O P I N I
Amankah Nasib Honorer,
Semoga Tidak Ada PHK di antara Kita
Oleh: Daddy Rohanady
Anggota DPRD Provinsi Jawa Barat
Algivon.com – Keberadaan pegawai di manapun, galibnya membutuhkan
kepastian hukum, terutama soal status kepegawaiannya. Pegawai yang belum jelas
status kepagawaiannya dipastikan merasa risau. Kerisauan ini, memiliki beberapa
konsekuensi. Satu hal yang pasti dan utama, apakah mereka akan menerima imbal
jasa yang layak, atas apa yang mereka lakukan? Di situlah strategisnya peran
pemerintah.
Melalui keberadaan regulasi yang ada, pemerintah
memfasilitasi banyak hal sehingga tidak perlu terjadi perselisihan akibat
ketidakjelasan status pegawai. Hindarkanlah seminimlah mungkin terjadinya perselisihan
ini demi meningkatkan kesejahteraan pegawai dan produktivitas, di antaranya.
Mirisnya, fakta empiris di lapangan menunjukkan, masih
begitu banyak pegawai honorer, terutama pekerja di sektor swasta. Hal ini tentu
dapat dipahami mengingat begitu banyaknya perusahaan swasta yang bergerak di
berbagai bidang usaha. Meski cukup banyak yang sudah menjadi karyawan tetap, tidak
sedikit pula yang masih berstatus sebagai pegawai honorer.
Pegawai honorer di perusahaan swasta biasanya merupakan para
“kontraktor”. Mereka biasanya dipekerjakan berdasarkan waktu tertentu sesuai
tenor yang tertera di dalam kontrak. Ada yang enam bulanan, ada pula yang satu
tahunan. Beruntung jika karyawan kontrak itu bisa diperpanjang berkali-kali,
dan biasanya ada pula yang lantas diangkat menjadi karyawan tetap.

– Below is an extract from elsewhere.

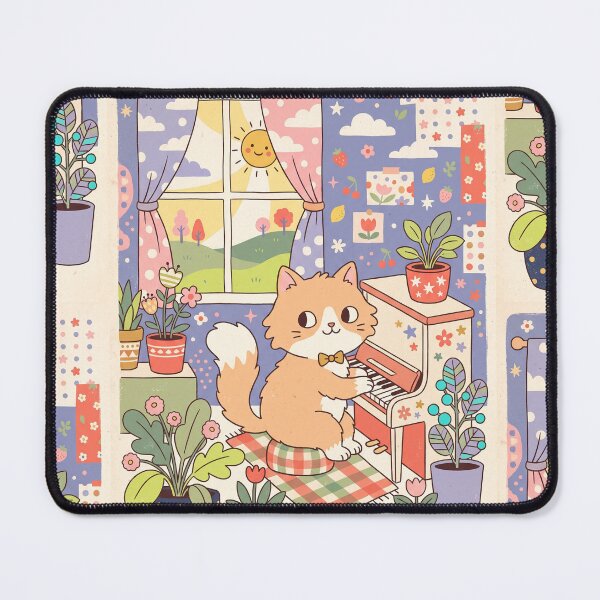 Item preview, Cute Orange Cat Playing Piano – Cozy Music Cat Illustration designed and sold by Cherry Dreams.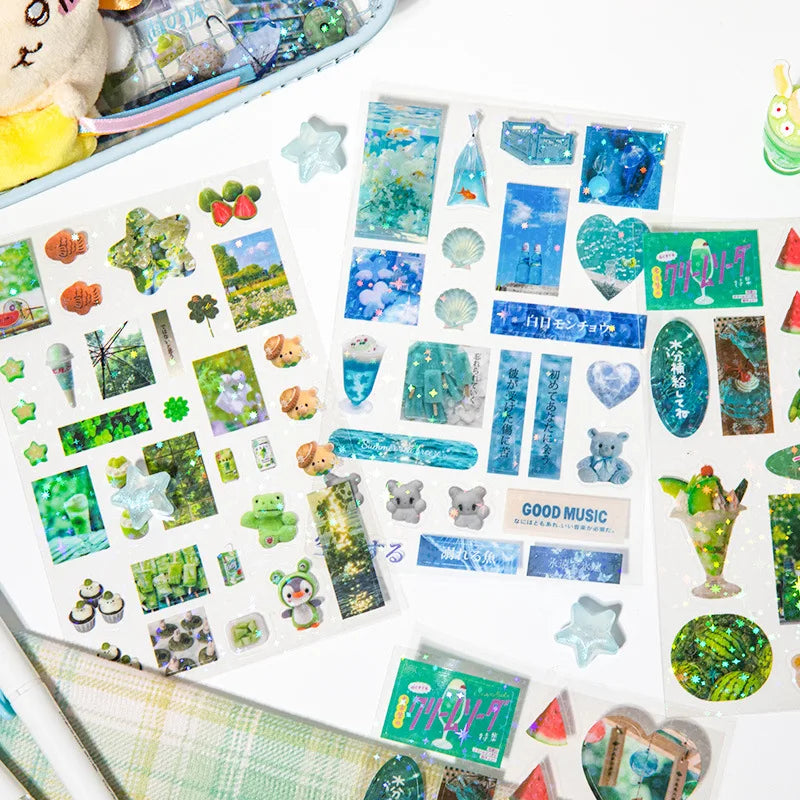 6pcs Glitter Stickers Y2K DIY Top Loader Scrapbooking Journal Decorative Stickers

Bagaimana bila kontraknya tidak diperpanjang? Ketika kontrak
selesai, selesai pula hubungan mereka dengan tempatnya bekerja. Tidak aneh jika
kita lantas mendengar banyak keluhan atau pengaduan mengenai perselisihan
perburuhan. Banyak gejolak di banyak tempat, apakah itu terkait status
kepegawaian maupun masalah pengupahan.
Rupanya masalah pegawai honorer terjadi pula di instansi
pemerintah. Tidak sedikit honorer yang juga bertanya-tanya soal status
kepegawaian mereka, terutama mereka yang sudah bekerja selama beberapa tahun.
Di lembaga pemerintah, pegawai honorer biasa disebut Pegawai Non-ASN. Artinya,
mereka bukan aparatur sipil negara.
Faktanya, tidak bisa dipungkiri, ada fenomena “keguncangan” di semua wilayah menyangkut
status tenaga honorer ini. Hal ini terjadi di tingkat provinsi maupun di
tingkat kabupaten/kota.
SE Menpan RB Nomor
185/2022
Marilah kita runut, ketika Pemerintah Pusat melalui
Kementerian Penertiban Aparatur Negara dan Reformasi Birokrasi (PAN RB)
mengeluarkan Surat Edaran (SE) Menpan RB Nomor B/185/M.SM.02.03/2022. Surat
Edaran tersebut ditujukan kepada para Pejabat Pembina Kepegawaian (PPK) di
lingkungan Kementerian/Lembaga instansi pusat dan daerah. Artinya, SE tersebut
ditujukan dan diberlakukan di seluruh Indonesia.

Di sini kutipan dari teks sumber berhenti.